To the Journal editor:

Reports in the Oct. 30 Mining Journal that the city of Marquette and Lundin Mining Co. have reached tentative agreements about a new “Hydro Plant route” is disturbing on many fronts.

To begin with, there’s nothing resembling a suitable existing road in that corridor. Talk of land ‘south of the railroad tracks’ is talk of a haul road obliterating portions of the Noquamenon trail, sections of the north NTN bike trails, putting a heavy truck route across the wetlands and beauty of the ox-bow or somehow skidding trucks down the sand pit.

This new plan will also require a brand new intersection for turning traffic near the foot of the Wright Street hill and a sizable new bridge across the Dead River. This plan neglects to grapple with the future forecasted road damage and public endangerment from Northern Michigan University’s truck traffic, a need to upgrade infrastructure, traffic planning and public safety remains at the SugarloafAvenue/Wright Street intersection.

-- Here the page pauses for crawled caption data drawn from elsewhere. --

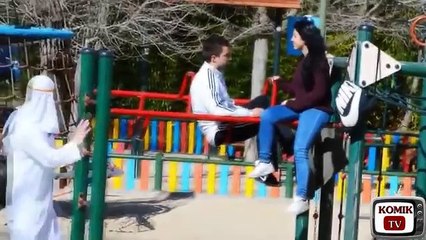 GÜLMEK İSTİYORSAN İZLE ! BOMBA KORKUTMA ŞAKASI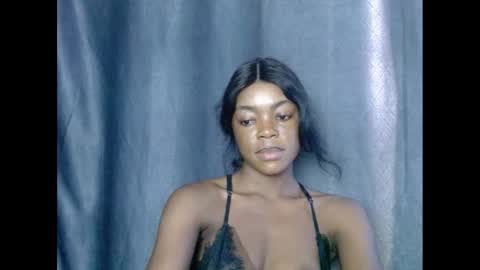 Snapshot of sexyxbunnyxx chatting on 02.25.25 Blue online show from 02.25.25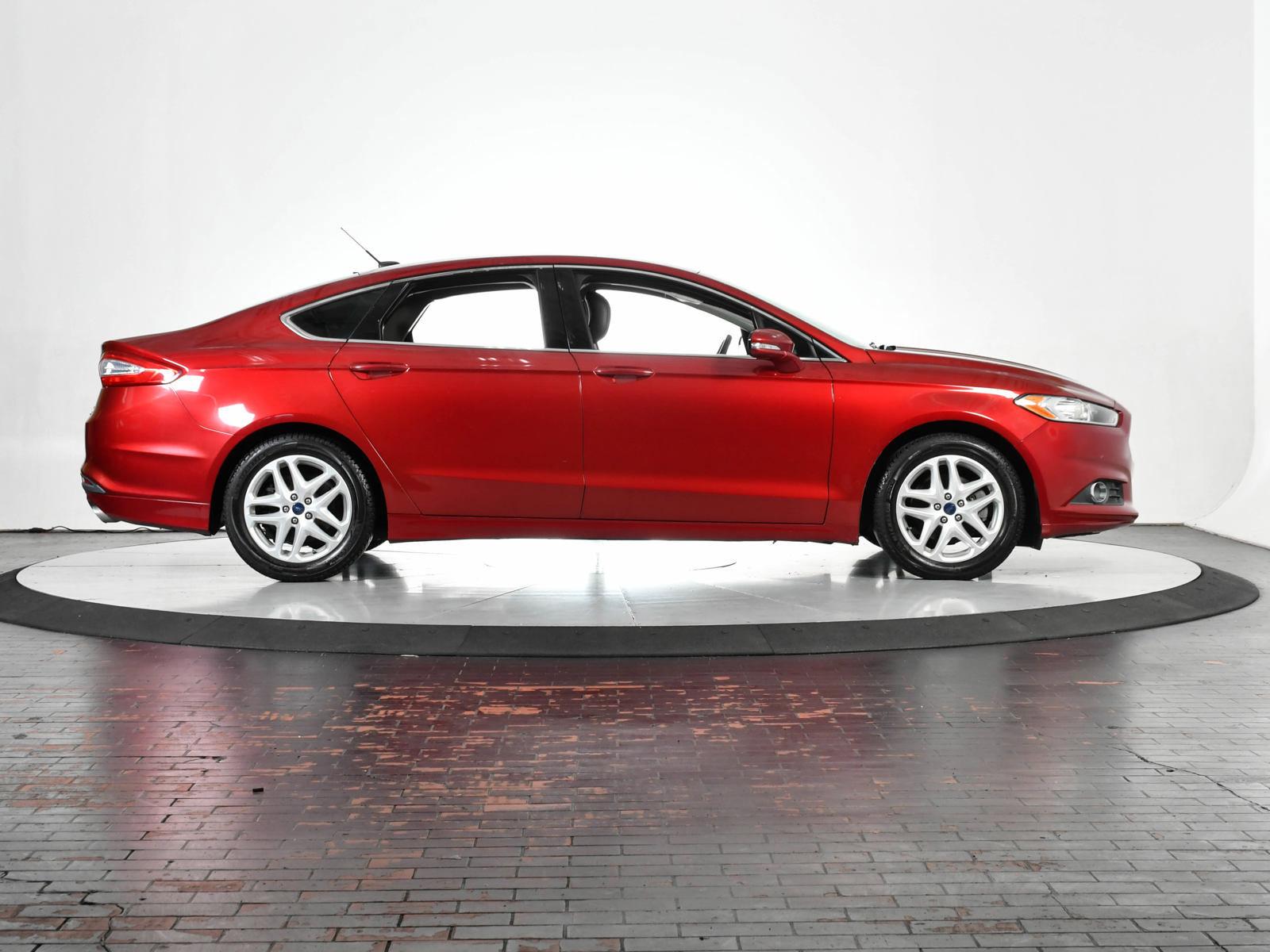 2014 Ford Fusion Vehicle Photo in DALLAS, TX 75235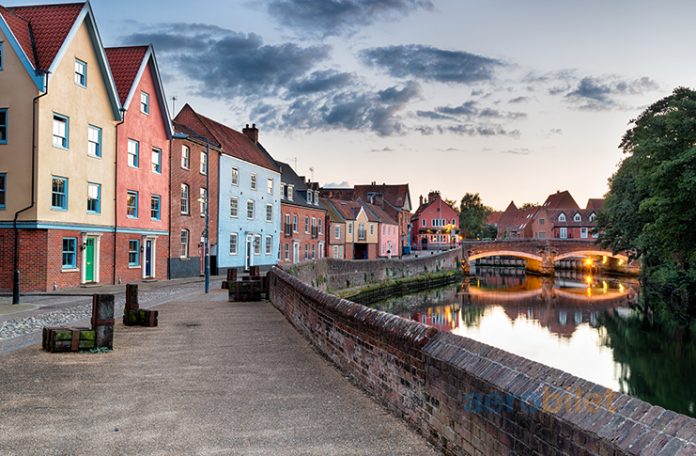 Norwich Uçak Bileti ile Sonbaharda İngiltere'ye Uçun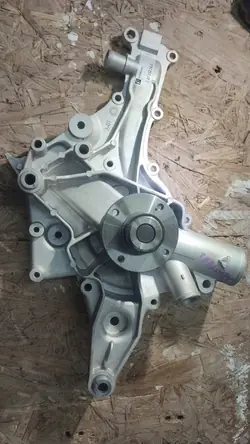 Pierburg Vattenpump, Motor Kylning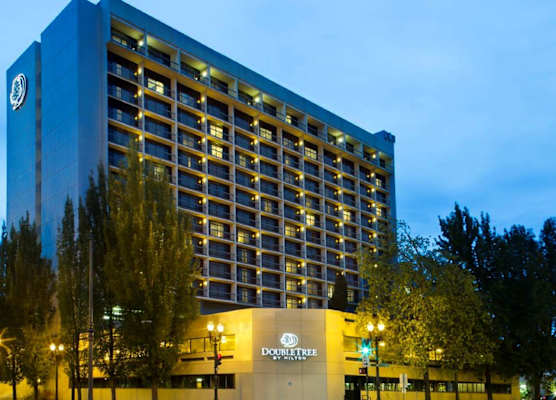 DoubleTree by Hilton Portland 1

When does the public get to weigh in on this proposed route? Is this how important city business gets conducted these days, cloistered talks between private mining interests and city commissioners?

Does the city’s elected officials think the public will buy into obliterating the recreation corridor west of Tourist Park as a cost worth paying, rather than simply beefing up and maintaining the long-standing truck route north out of the city? Does the public agree with this proposed use of publicly owned land? Is it a reasoned approach to traffic issues the region faces? If city manager Bill Vajda’s recent call for regional traffic studies is any indication, it’s not even a well considered plan.

This latest scheme fails to deal with existing traffic issues while creating brand new ones. Any ‘hydro plant route’ proposed by the city and the mining company has strong potential to degrade local quality of life and sully a recreational corridor enjoyed by many thousands of visitors in all seasons.

I am very concerned about this encroaching giveaway of public assets to a mining company’s short term haul needs. This is not a solution. It’s a poorly considered surrender.